In che cosa s’accordano tutte le chiese sarebbe arduo ricercare se si trattasse della fede religiosa; ma evidentemente il ministro di Mussolini non considerava che il servizio politico quale ogni Chiesa può rendere allo stato, purché il “comune ideale” sia la rassegnazione del suddito, l’obbedienza sua ai superiori, l’orrore per il peccato di ribellione…
Questo modo (che potrebbe dirsi cinico) di utilizzare la religione figurava pure nella pedagogia gentiliana secondo i suoi programmi; agli alunni delle scuole medie bisognerà «far sentire l’altissima idealità e la poesia umana della religione ed anche la sua efficacia politica» (U. Renda, Scuola e Fascismo, in La civiltà fascista, p. 487).
Per chi non conosce le illimitate risorse del pensiero gentiliano potrà parere strano come vi riuscissero a conciliarsi una qualche riverenza per il cristianesimo con l’evidente ammirazione per la morale spietata dei dominatori.
«L’uomo moderno nasce quasi con un istintivo programma: aut Caesar aut nihil. Servire o morire, vivere è dominare, affermare sé stesso e poiché egli ha natura sconfinata non s’arretra o arresta dinanzi ad impedimento di sorta. Tutto fa suo, con l’intelletto e con le mani; con l’amore e con la forza, con le leggi e con la guerra» (Che cos’è il Fascismo, p. 76).
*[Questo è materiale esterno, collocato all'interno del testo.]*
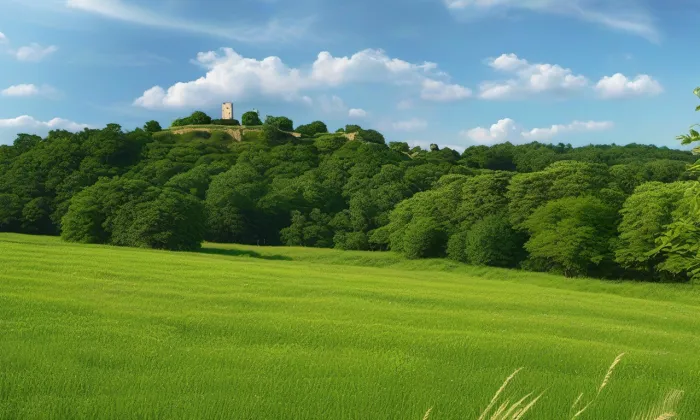 Tasnovice (hradiště) – léto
Il che logicamente si completa con le seguenti massime morali:
Pity, gentleness, charity, must not merely not be practised, they must be branded as crimes against the social order; the practical lessons in brutality which will form the main part of military training must be reinforced by preaching, teaching, and example at every stage of life; and for the cult of humanity which has increasingly prevailed in democratic societies we must substitute the Nietzschean formula be hard (G. Lowes Dickinson, The Choice before us, p. 14).
Questa era la ragionata “etica” dei nazionalisti; ed era pure l’istintiva morale di quelle «canaglie a cui la storia avvenire costruisce dei monumenti» secondo il signor Pellizzi che si compiace di averle avute per compagni nelle prime squadre fasciste. Era ‒ nel campo degli accomodamenti con la religione ‒ uno dei diffusi stati d’animo che rendevano vani i furbi raggiri d’invenzione hegeliana.
Andrea Caffi, La dottrina fascista. Ovvero il fascismo nella storia superiore del pensiero,
a cura di Alberto Castelli, Milano, Biblion, 2022, pp. 69-72.